One guitar, or three?


Many fans of Rock music guitar playing consider the players who were the only guitarist in their band "the best": Jimi Hendrix (in The Experience), Eric Clapton (in Cream), Jeff Beck (post-Yardbirds), Jimmy Page, Billy Gibbons (ZZ Top), Eddie Van Halen, Stevie Ray Vaughan, the clown in Black Sabbath, etc. etc.

I on the other hand have a love of not the classic 2-guitar line-up (The Beatles, Stones, Rockpile, etc.)---good as that can be---, but of 3-guitar bands: Buffalo Springfield, Moby Grape, Fleetwood Mac in their Peter Green/Danny Kirwin/Jeremy Spencer period, and The Flamin’ Groovies in the Shake Some Action album era.

Three guitars is even more musical than two, and far more so than one.

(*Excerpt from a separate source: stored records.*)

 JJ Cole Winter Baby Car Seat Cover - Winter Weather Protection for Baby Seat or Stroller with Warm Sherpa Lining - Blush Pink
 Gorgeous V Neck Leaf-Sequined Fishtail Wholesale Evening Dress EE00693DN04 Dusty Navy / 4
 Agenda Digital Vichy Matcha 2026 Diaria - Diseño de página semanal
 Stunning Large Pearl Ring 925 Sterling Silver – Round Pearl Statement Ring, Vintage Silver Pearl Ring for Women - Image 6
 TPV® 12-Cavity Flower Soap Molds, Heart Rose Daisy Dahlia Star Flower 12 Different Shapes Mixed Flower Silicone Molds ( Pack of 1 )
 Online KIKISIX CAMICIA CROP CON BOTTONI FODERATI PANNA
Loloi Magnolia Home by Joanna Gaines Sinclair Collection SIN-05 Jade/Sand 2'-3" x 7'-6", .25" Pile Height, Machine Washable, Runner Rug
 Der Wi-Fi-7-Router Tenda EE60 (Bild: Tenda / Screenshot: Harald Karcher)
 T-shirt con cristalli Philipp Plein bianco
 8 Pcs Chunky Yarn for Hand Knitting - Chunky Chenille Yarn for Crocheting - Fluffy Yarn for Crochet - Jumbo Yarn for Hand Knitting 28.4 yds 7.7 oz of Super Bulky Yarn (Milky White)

All kinds of little song parts are possible with three musical instruments, and Springfield and The Grape really exploited the possibilities. One guitar is so, well, 1-dimensional. Sure, on recordings the single guitarist in a band can recorded multiple parts, but "lead" guitarists rarely think in "song part" terms, but instead in "guitar chops" terms. Know what I mean?

I bought the first two albums by both Cream and Hendrix when they were released, and saw both live twice in 1967 and ’68. But the music of both got old pretty quickly, I losing interest after those albums. You may disagree. ;-)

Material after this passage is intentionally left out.